Suggested fix rationale

• External prompt template loading is a privileged control-plane behavior and should require explicit operator intent.
• Sandboxing prompt rendering is the narrowest durable fix for the validated PromptManager.render() execution path.
• Disabling npm lifecycle scripts is the narrowest durable fix for installer-time execution from attacker-controlled plugin content.
• The focused tests make the secure default, opt-in path, and sandbox behavior hard to regress.

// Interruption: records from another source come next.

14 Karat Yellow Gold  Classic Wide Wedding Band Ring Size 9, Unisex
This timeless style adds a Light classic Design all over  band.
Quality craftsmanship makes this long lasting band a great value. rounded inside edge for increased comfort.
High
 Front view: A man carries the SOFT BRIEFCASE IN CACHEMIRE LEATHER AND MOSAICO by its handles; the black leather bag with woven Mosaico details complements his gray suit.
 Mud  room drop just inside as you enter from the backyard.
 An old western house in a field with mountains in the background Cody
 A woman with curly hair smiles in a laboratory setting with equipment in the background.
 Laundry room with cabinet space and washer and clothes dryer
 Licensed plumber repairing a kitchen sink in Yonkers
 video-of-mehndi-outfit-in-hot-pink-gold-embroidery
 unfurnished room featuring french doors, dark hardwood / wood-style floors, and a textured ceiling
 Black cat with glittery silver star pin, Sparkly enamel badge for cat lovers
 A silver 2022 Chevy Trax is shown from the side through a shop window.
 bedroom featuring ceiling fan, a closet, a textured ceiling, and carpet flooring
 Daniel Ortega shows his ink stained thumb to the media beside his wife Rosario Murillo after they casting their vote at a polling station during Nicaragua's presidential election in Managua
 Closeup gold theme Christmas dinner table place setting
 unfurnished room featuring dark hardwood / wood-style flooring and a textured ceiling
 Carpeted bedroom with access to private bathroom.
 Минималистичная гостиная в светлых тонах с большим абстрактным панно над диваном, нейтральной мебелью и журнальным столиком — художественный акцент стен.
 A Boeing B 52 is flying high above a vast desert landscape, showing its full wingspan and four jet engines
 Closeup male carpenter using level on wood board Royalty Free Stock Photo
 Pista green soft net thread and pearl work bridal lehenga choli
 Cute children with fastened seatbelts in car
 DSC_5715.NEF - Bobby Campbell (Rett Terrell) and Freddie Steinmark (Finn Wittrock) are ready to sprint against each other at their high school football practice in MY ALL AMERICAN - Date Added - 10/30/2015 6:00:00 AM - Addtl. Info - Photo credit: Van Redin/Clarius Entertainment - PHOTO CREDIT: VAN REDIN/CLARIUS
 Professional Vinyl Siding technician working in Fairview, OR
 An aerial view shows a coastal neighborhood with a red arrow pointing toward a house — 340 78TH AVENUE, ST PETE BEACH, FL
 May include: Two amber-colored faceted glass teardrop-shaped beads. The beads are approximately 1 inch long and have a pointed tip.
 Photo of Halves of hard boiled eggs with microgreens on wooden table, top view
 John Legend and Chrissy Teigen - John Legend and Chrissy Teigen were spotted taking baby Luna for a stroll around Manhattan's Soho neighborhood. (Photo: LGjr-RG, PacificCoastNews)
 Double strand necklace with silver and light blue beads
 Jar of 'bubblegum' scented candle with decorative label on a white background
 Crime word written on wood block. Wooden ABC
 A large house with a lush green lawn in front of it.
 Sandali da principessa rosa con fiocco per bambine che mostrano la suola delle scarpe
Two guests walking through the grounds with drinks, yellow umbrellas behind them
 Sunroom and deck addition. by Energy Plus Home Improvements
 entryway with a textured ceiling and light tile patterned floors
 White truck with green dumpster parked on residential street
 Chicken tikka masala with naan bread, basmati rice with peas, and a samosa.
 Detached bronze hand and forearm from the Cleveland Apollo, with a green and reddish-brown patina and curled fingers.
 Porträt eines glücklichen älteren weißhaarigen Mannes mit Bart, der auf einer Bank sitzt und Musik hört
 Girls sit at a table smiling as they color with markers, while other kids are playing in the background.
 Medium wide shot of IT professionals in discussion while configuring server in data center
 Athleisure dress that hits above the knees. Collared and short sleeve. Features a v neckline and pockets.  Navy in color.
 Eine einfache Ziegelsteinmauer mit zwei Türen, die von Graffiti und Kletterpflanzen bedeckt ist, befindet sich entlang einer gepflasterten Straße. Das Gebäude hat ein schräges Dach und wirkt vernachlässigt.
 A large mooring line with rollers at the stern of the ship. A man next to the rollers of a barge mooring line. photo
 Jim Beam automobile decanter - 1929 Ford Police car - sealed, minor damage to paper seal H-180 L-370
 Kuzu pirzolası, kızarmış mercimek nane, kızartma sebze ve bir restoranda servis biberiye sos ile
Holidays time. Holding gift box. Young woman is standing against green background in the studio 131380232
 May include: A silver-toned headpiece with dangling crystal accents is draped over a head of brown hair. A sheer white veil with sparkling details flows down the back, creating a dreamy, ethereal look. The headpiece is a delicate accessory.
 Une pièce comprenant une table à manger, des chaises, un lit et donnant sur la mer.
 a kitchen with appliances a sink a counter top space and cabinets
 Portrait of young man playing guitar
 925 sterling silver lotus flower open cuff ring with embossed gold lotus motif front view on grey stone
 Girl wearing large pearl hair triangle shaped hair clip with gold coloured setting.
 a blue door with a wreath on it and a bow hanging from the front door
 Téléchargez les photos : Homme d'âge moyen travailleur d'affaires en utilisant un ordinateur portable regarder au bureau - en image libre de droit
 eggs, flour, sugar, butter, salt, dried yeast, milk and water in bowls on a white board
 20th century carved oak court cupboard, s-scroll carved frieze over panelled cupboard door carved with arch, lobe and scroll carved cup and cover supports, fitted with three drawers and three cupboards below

Reference patterns from other software

• GitHub Actions requires explicit maintainer approval before untrusted fork content can reach privileged workflow execution.
• GitLab protects sensitive runners/variables behind explicit authorization boundaries.
• This PR follows the same principle: untrusted content should not reach execution-capable paths without an explicit operator decision.

Type of change

• Security fix
• Tests
• Documentation update
• Refactor with no behavior change

Test plan

• cd /tmp/OpenViking-pr && python3 -m pytest -o addopts='' tests/test_prompt_manager.py tests/misc/test_prompt_manager_security.py -q
• cd /tmp/OpenViking-pr && ruff check openviking/prompts/manager.py openviking_cli/utils/config/prompts_config.py tests/test_prompt_manager.py tests/misc/test_prompt_manager_security.py
• cd /tmp/OpenViking-pr && node --check examples/openclaw-plugin/setup-helper/install.js
• cd /tmp/OpenViking-pr && bash -n examples/openclaw-plugin/install.sh
• cd /tmp/OpenViking-pr && bash -n bot/scripts/install_local_openclaw_plugin.sh
• safe local validation that patched PromptManager blocks unsafe Jinja attribute traversal without creating the marker file
• safe local validation that patched installer logic no longer executes a malicious postinstall payload during install

Executed with:

• cd /tmp/OpenViking-pr && python3 -m pytest -o addopts='' tests/test_prompt_manager.py tests/misc/test_prompt_manager_security.py -q
• cd /tmp/OpenViking-pr && ruff check openviking/prompts/manager.py openviking_cli/utils/config/prompts_config.py tests/test_prompt_manager.py tests/misc/test_prompt_manager_security.py
• cd /tmp/OpenViking-pr && node --check examples/openclaw-plugin/setup-helper/install.js
• cd /tmp/OpenViking-pr && bash -n examples/openclaw-plugin/install.sh
• cd /tmp/OpenViking-pr && bash -n bot/scripts/install_local_openclaw_plugin.sh
• safe local PromptManager marker-file validation after patch
• safe local installer marker-file validation after patch

Disclosure notes

• This PR is intentionally bounded to the validated prompt-template and installer execution-capable surfaces above.
• It does not claim a new unauthenticated remote HTTP RCE path.
• Prompt-template exploitability depends on operator opt-in to custom template loading; the secure default in this PR removes the implicit config/env exposure.
• The plugin-installer issue is installer/supply-chain scoped: exploitability depends on attacker-controlled plugin content reaching the installer.
• No unrelated repo files were changed.

[github-actions]

PR Reviewer Guide 🔍

Here are some key observations to aid the review process:

⏱️ Estimated effort to review: 2 🔵🔵⚪⚪⚪

🏅 Score: 92

🧪 PR contains tests

🔒 No security concerns identified

✅ No TODO sections

🔀 Multiple PR themes Sub-PR theme: Sandbox custom prompt template rendering Relevant files: openviking/prompts/manager.py tests/misc/test_prompt_manager_security.py Sub-PR theme: Disable npm lifecycle scripts in plugin installers Relevant files: bot/scripts/install_local_openclaw_plugin.sh examples/openclaw-plugin/install.sh examples/openclaw-plugin/setup-helper/install.js

⚡ No major issues detected

[github-actions]

PR Code Suggestions ✨

No code suggestions found for the PR.